BOK’s Strategic Recommendations for Risk Mitigation
To reduce exposure to these looming risks, the Bank of Korea recommends:
- Clear, long-term climate policies that offer consistency for businesses and investors.
- Green technology investment to foster innovation and reduce reliance on carbon-heavy industries.
- Integration of climate risk management into every aspect of the financial system—from credit ratings to capital requirements.
These strategies aim to create a climate-resilient economy that can absorb shocks and protect both institutions and individuals.
Conclusion: A National Economic Priority, Not Just an Environmental One
The Bank of Korea’s warning sends a strong message: the cost of inaction on climate change is no longer theoretical—it’s measurable, immediate, and massive. As climate-related events increase in frequency and intensity, the risks will ripple through every corner of the economy.
Now is the time for proactive investment in sustainable infrastructure, financial reform, and robust climate adaptation strategies. Waiting for the market to adjust on its own could be economically devastating.
This is no longer just an environmental issue. It’s a national economic priority.
FAQs
Q: What is the Bank of Korea’s main concern regarding climate change?
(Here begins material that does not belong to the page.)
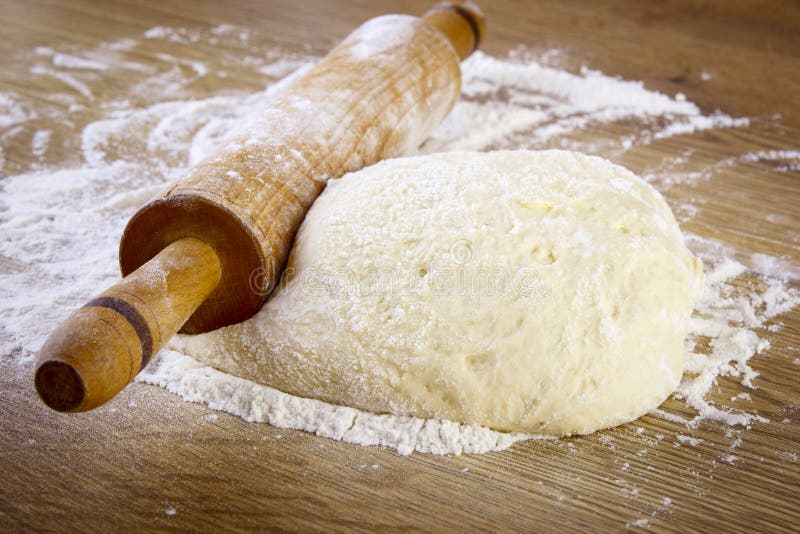 Dough and rolling pin stock photo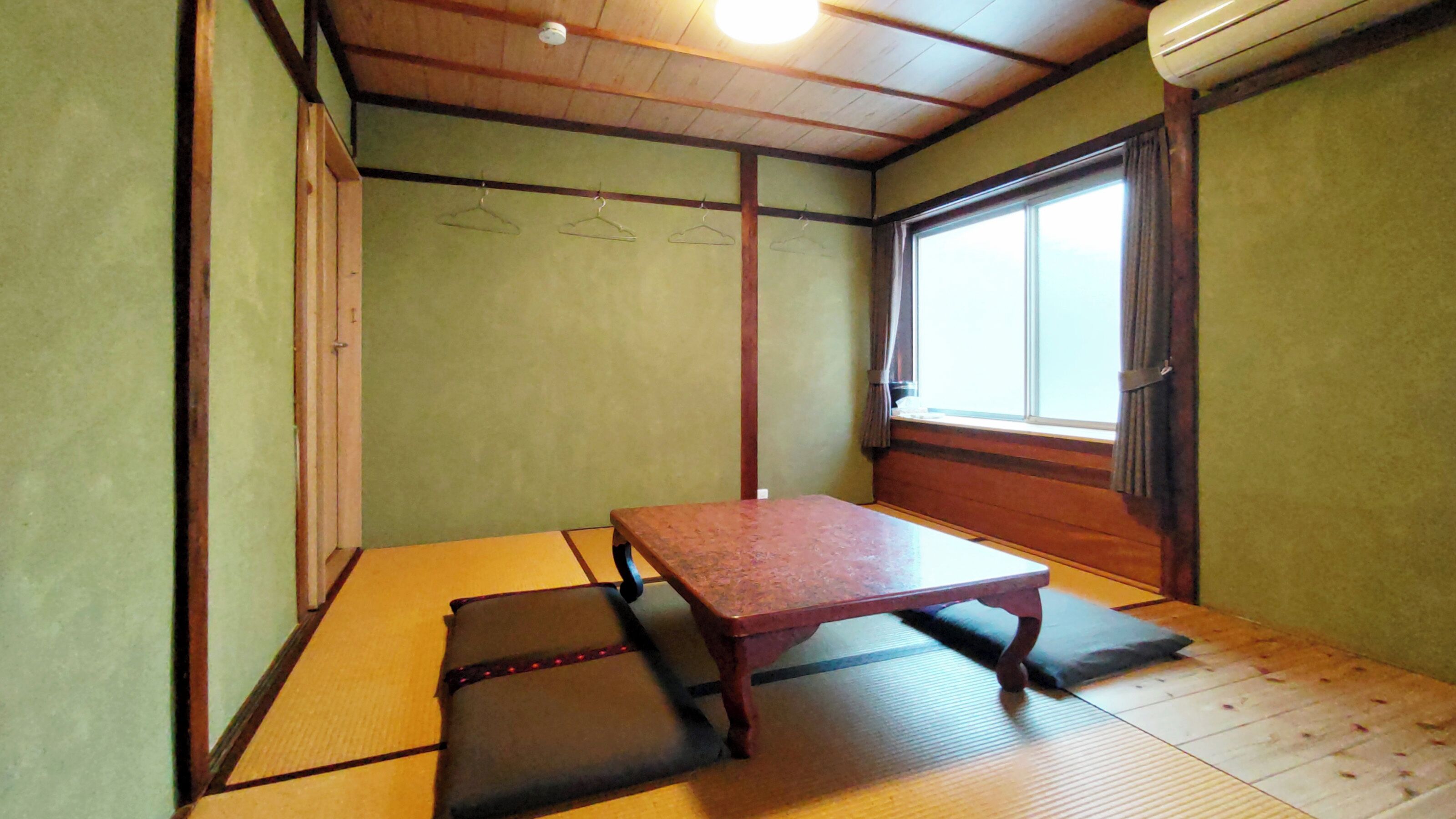 A tatami mat room with a low wooden table and a sliding door.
The BOK warns that failing to act on climate change could lead to major financial losses for banks, insurers, and households, posing a systemic risk to South Korea’s economy.
Q: How could climate change affect individuals financially?
People may see rising insurance premiums, higher energy costs, job losses in carbon-heavy sectors, and increased risk of loan defaults.
Q: What are physical and transition risks?
Physical risks come from actual climate disasters (like floods), while transition risks arise from the shift to a low-carbon economy (like stricter regulations or sudden market changes).
Q: What does the BOK recommend?
The BOK recommends long-term climate policy planning, sustainable investment, and integrating climate risk into all financial planning and supervision.
Q: What sectors are most vulnerable?
Industries heavily reliant on fossil fuels, real estate in disaster-prone zones, and financial institutions lacking climate risk frameworks are especially exposed.